## EXERCISE BRIEF:
Would you please repeat exactly the entries below, starting at the line with "sport-friesian-horse" and ending at the line with "Livistona Palm Tropical", and nothing outside that range? Leave out the pictures.

>>

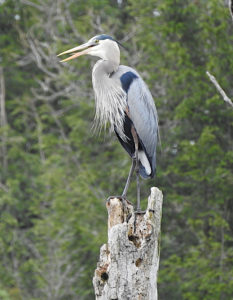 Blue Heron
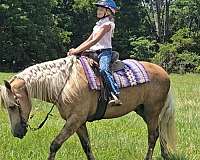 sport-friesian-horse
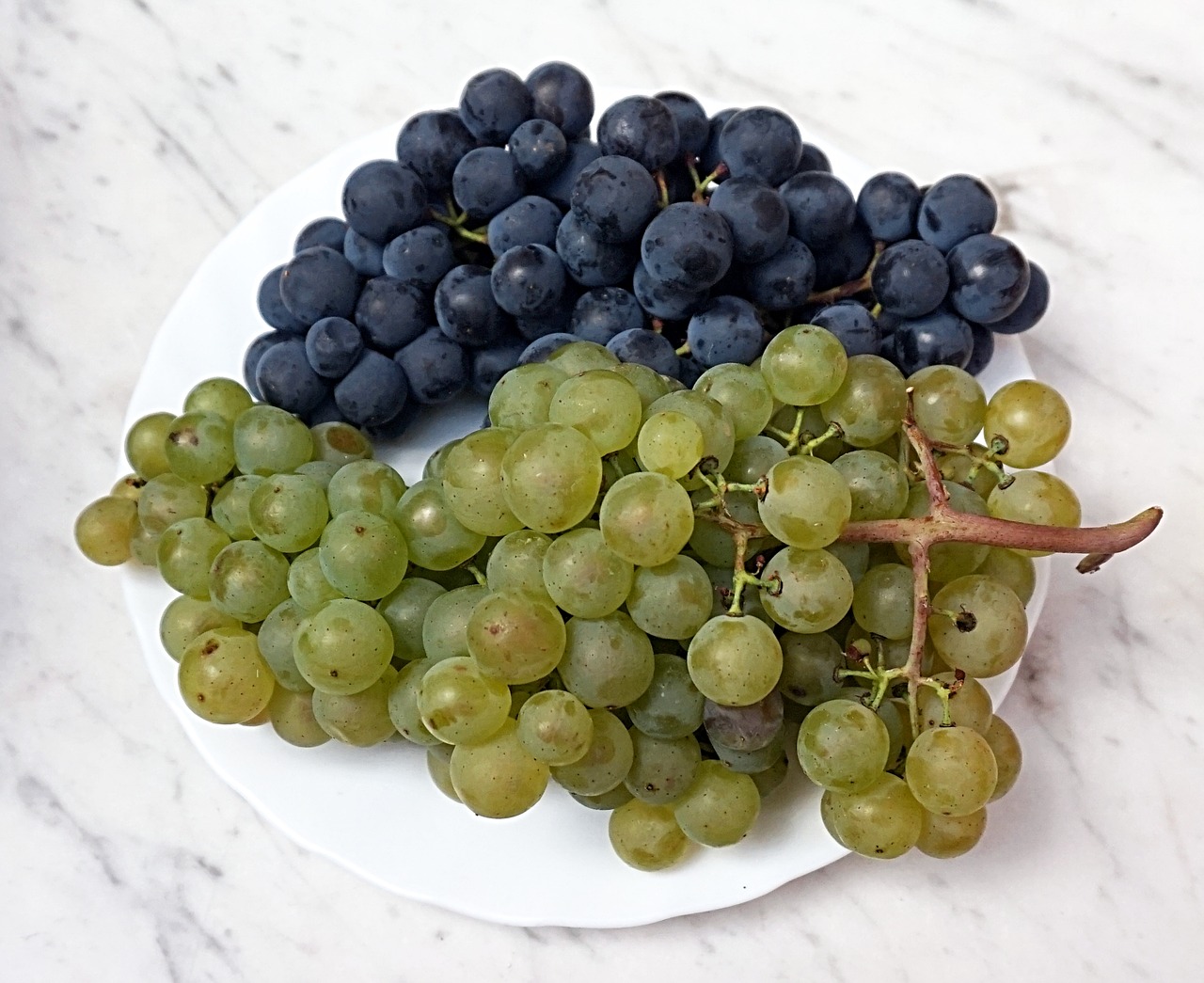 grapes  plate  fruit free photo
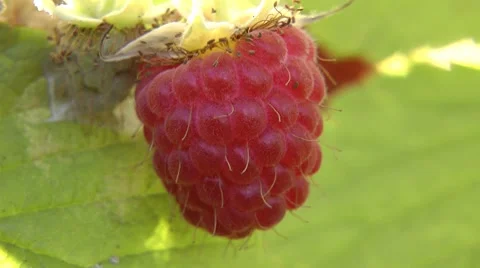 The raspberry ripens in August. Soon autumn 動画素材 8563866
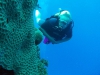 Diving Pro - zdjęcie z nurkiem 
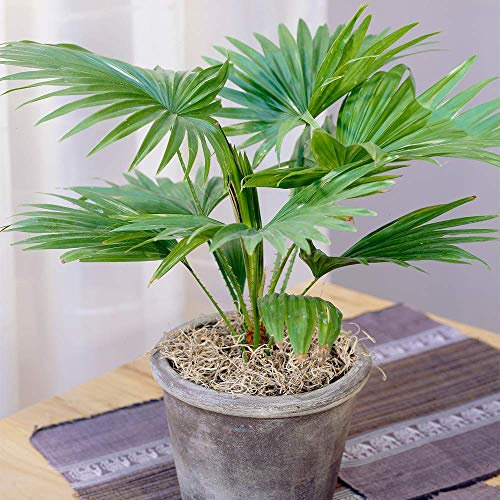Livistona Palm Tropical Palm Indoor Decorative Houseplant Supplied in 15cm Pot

<<
>>

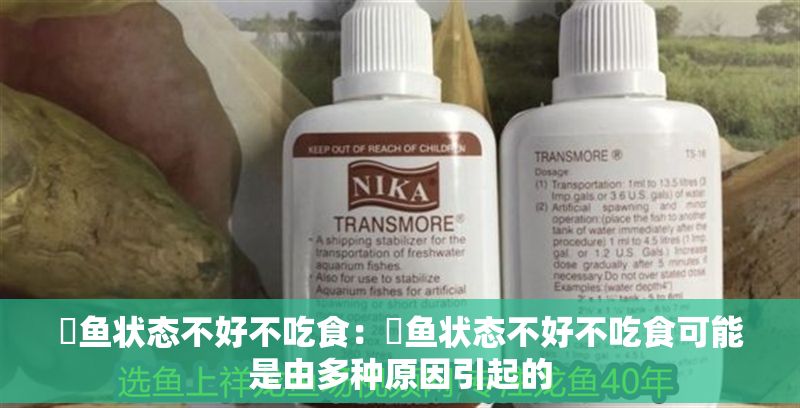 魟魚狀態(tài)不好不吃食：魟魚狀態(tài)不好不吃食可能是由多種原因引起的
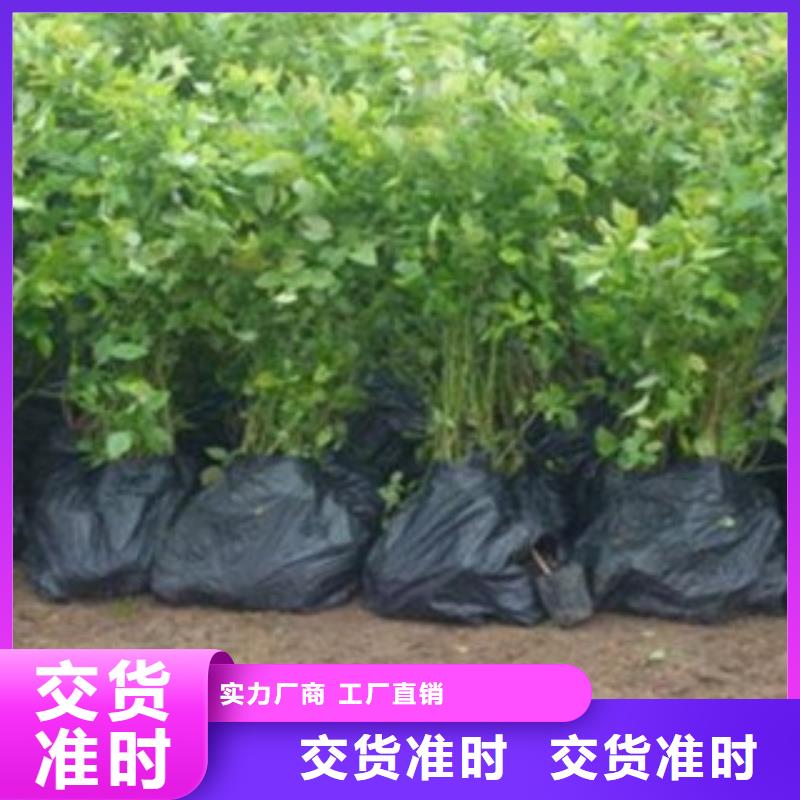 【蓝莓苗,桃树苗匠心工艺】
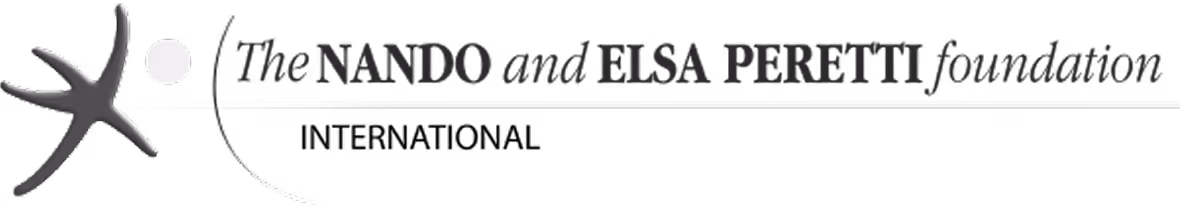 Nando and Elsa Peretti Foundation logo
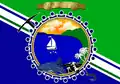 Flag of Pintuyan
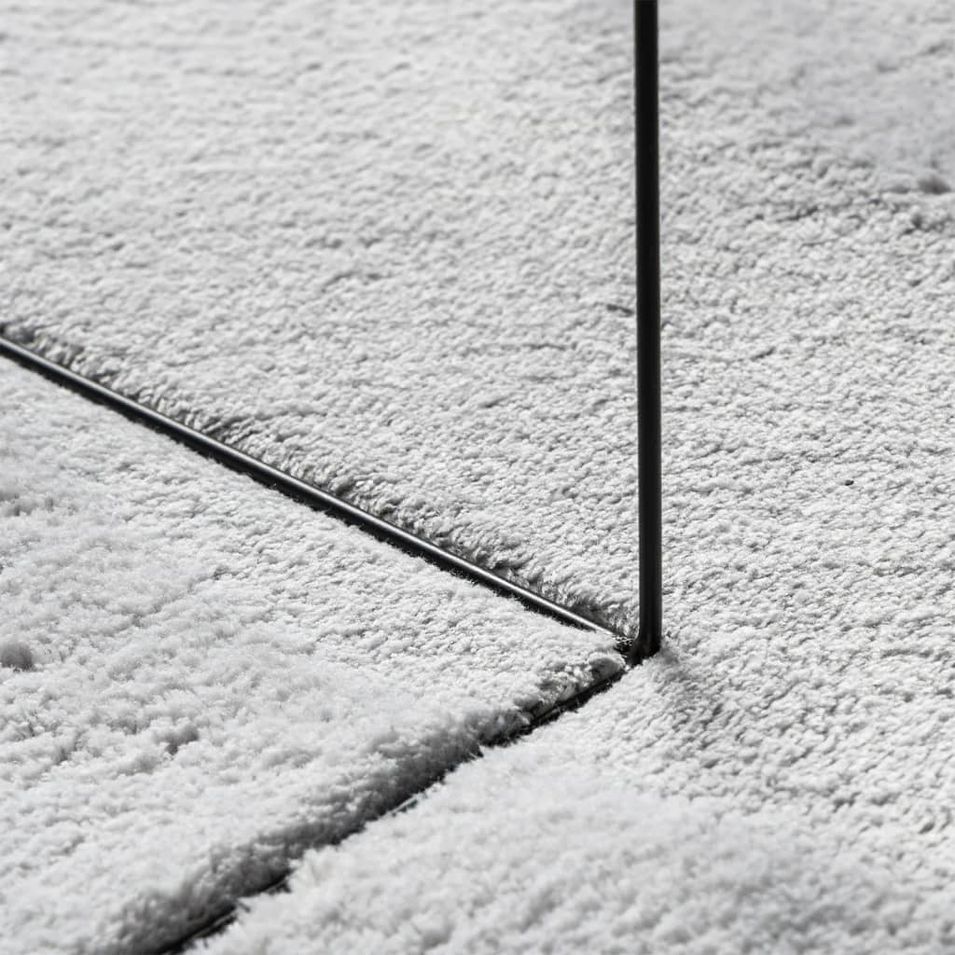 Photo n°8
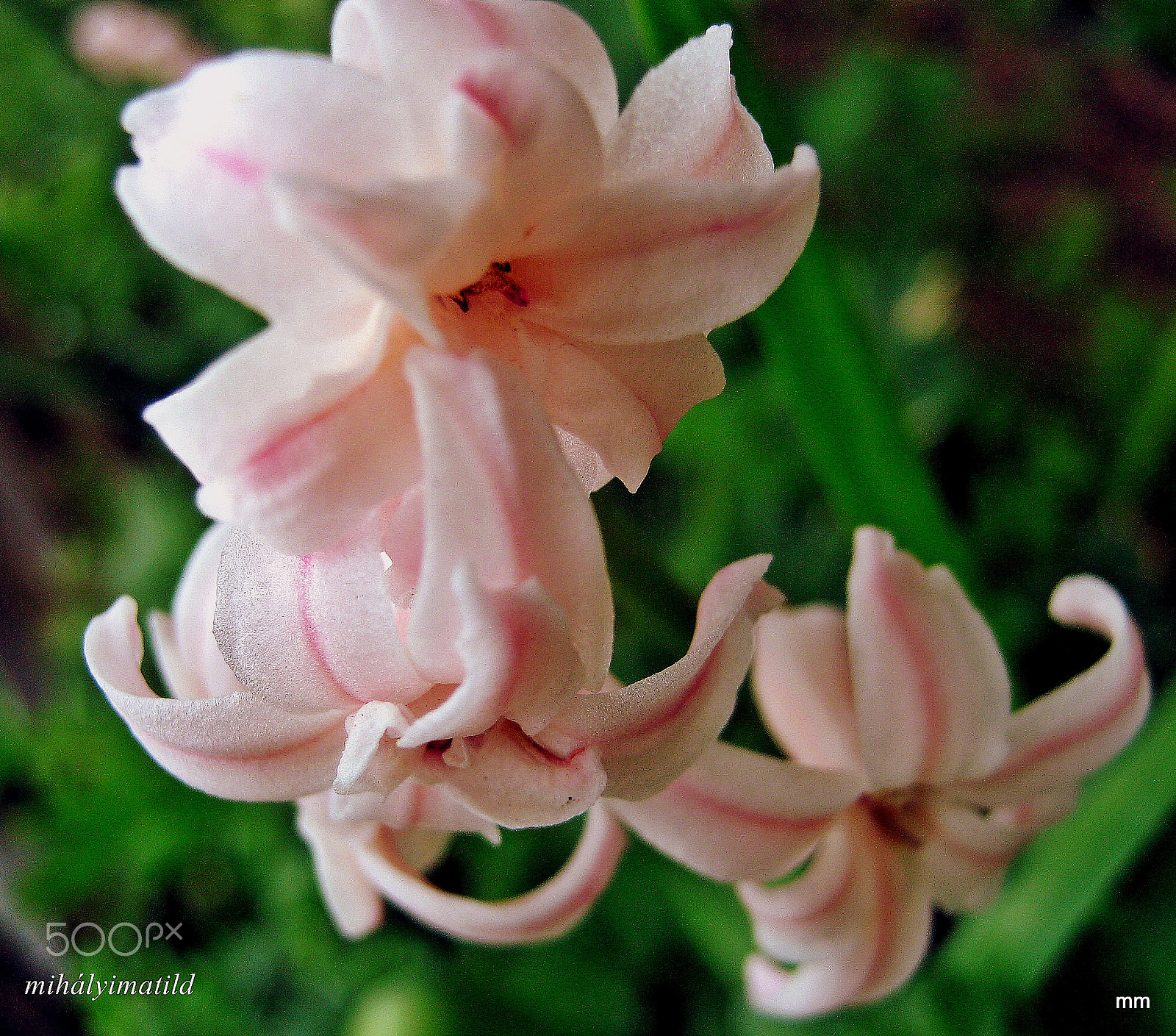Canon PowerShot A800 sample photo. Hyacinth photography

<<

## SOLUTION TO THIS PROBLEM:
 sport-friesian-horse
 grapes  plate  fruit free photo
 The raspberry ripens in August. Soon autumn 動画素材 8563866
 Diving Pro - zdjęcie z nurkiem 
Livistona Palm Tropical Palm Indoor Decorative Houseplant Supplied in 15cm Pot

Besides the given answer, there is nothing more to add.